* Short web captions:
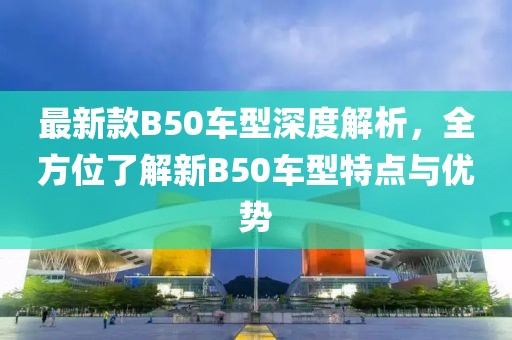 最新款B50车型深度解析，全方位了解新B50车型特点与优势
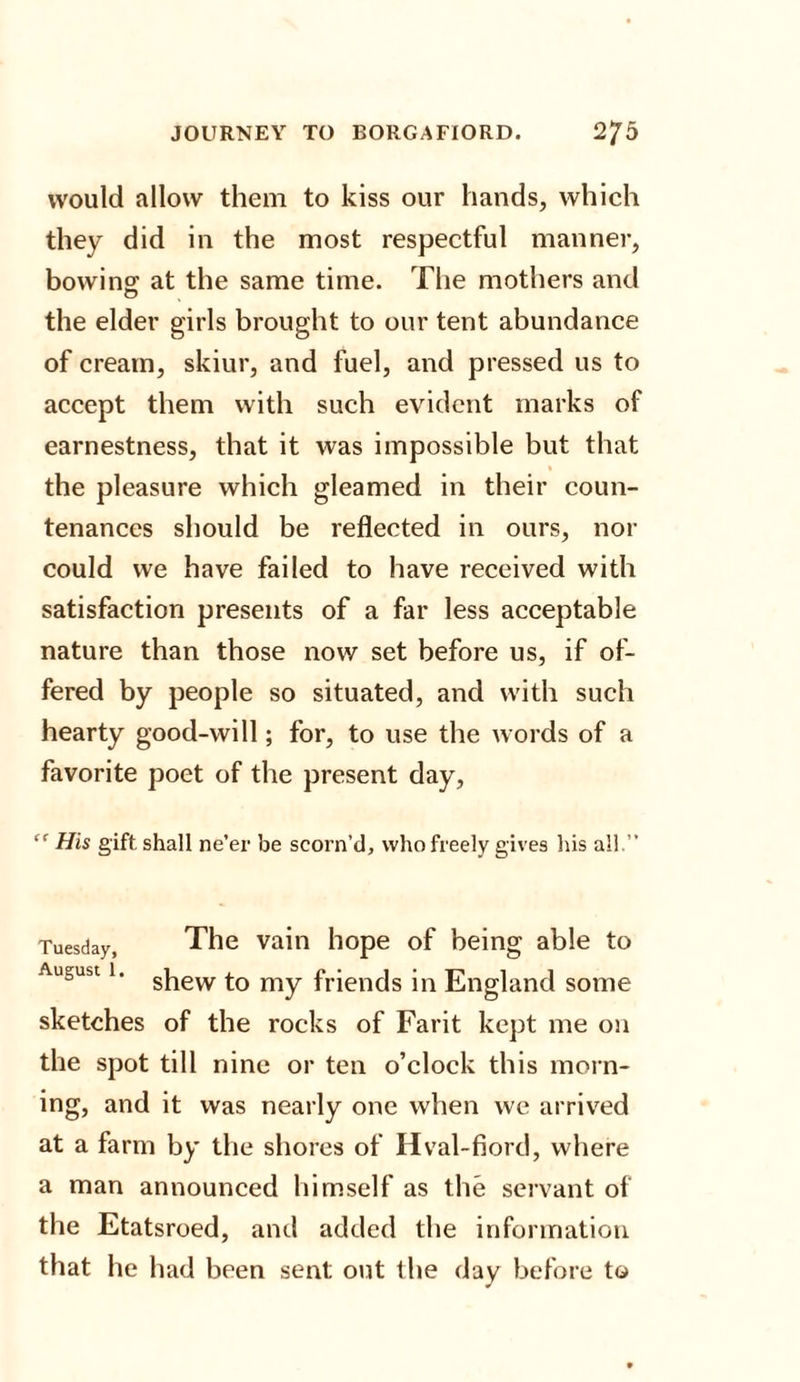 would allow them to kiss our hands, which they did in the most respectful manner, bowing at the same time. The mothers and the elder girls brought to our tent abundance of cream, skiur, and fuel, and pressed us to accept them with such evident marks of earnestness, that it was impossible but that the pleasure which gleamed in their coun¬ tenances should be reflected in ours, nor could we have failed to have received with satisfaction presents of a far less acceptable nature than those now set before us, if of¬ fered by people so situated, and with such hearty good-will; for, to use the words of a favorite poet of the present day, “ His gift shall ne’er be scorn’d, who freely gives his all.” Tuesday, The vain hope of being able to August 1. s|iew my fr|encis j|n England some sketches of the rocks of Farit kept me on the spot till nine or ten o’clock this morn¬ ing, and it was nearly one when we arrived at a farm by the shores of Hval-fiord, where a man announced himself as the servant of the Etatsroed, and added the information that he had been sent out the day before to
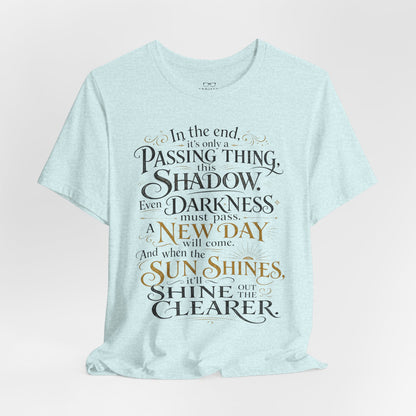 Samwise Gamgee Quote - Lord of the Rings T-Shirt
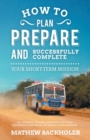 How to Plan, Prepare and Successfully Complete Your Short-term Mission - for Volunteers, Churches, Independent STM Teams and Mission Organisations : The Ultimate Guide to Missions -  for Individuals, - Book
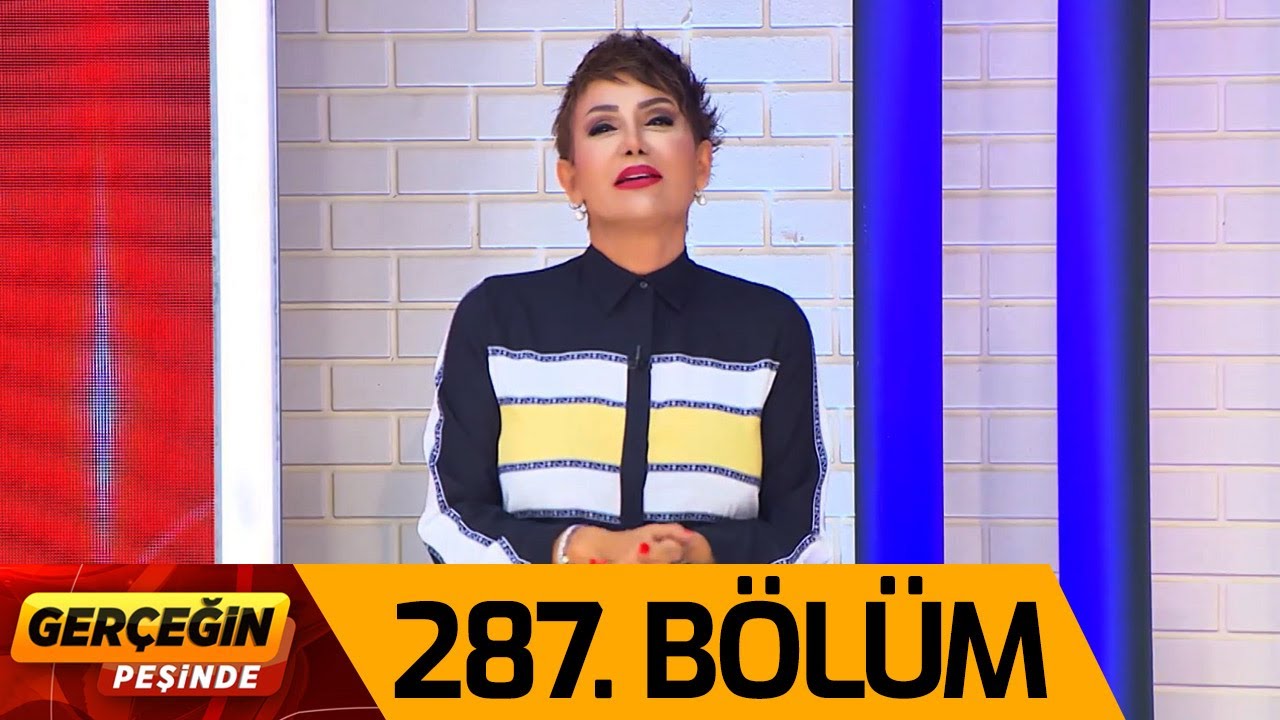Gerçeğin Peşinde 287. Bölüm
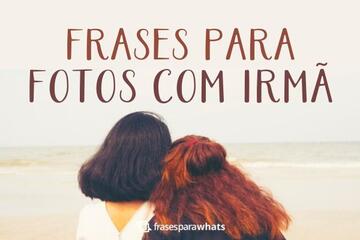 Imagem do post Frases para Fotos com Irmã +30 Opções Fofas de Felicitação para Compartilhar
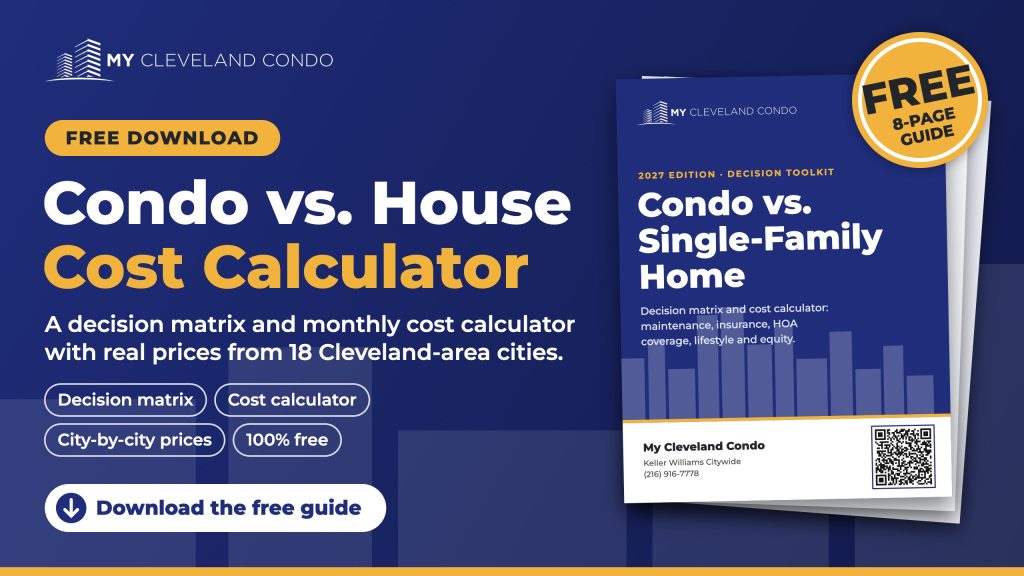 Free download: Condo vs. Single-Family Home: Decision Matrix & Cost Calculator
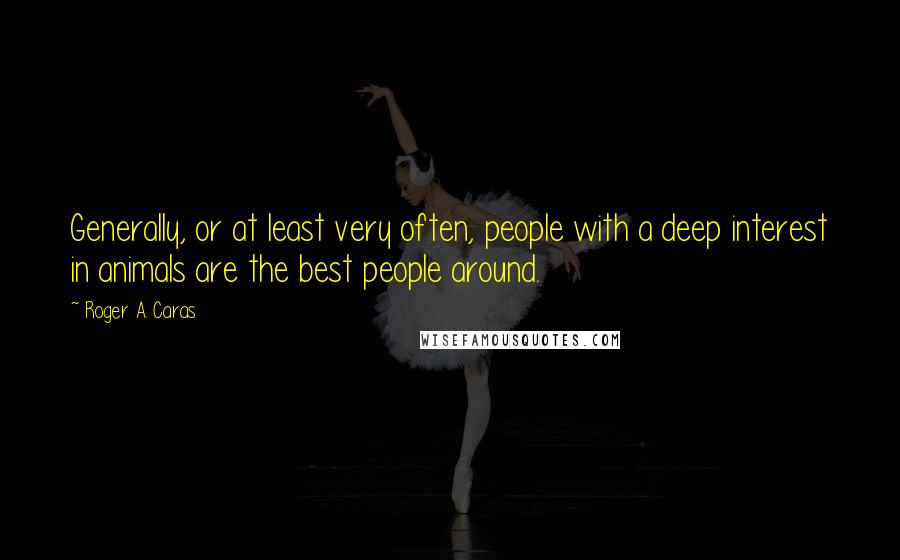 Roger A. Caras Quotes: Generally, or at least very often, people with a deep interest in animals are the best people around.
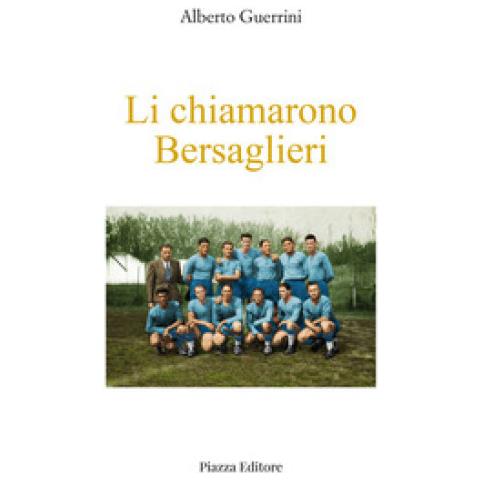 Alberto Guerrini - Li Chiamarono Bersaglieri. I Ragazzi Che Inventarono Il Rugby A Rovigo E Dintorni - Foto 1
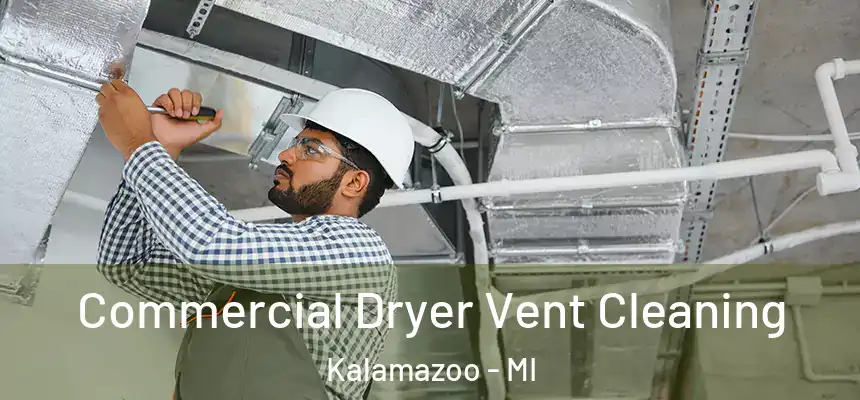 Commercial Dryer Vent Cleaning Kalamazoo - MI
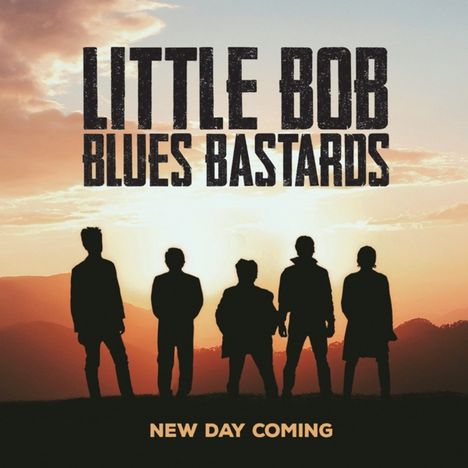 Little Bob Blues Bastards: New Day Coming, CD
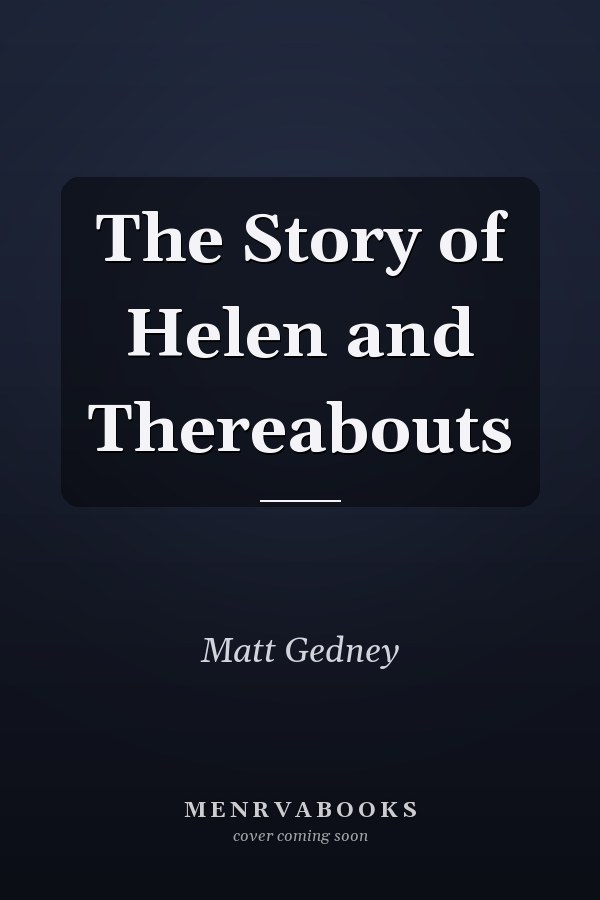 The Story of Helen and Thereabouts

* Task brief: Beginning at the line that contains "Gerçeğin Peşinde 287. Bölüm", transcribe it and every later line through the last line of the data above, exactly, and drop the pictures.

* Reply:
Gerçeğin Peşinde 287. Bölüm
 Imagem do post Frases para Fotos com Irmã +30 Opções Fofas de Felicitação para Compartilhar
 Free download: Condo vs. Single-Family Home: Decision Matrix & Cost Calculator
 Roger A. Caras Quotes: Generally, or at least very often, people with a deep interest in animals are the best people around.
 Alberto Guerrini - Li Chiamarono Bersaglieri. I Ragazzi Che Inventarono Il Rugby A Rovigo E Dintorni - Foto 1
 Commercial Dryer Vent Cleaning Kalamazoo - MI
 Little Bob Blues Bastards: New Day Coming, CD
 The Story of Helen and Thereabouts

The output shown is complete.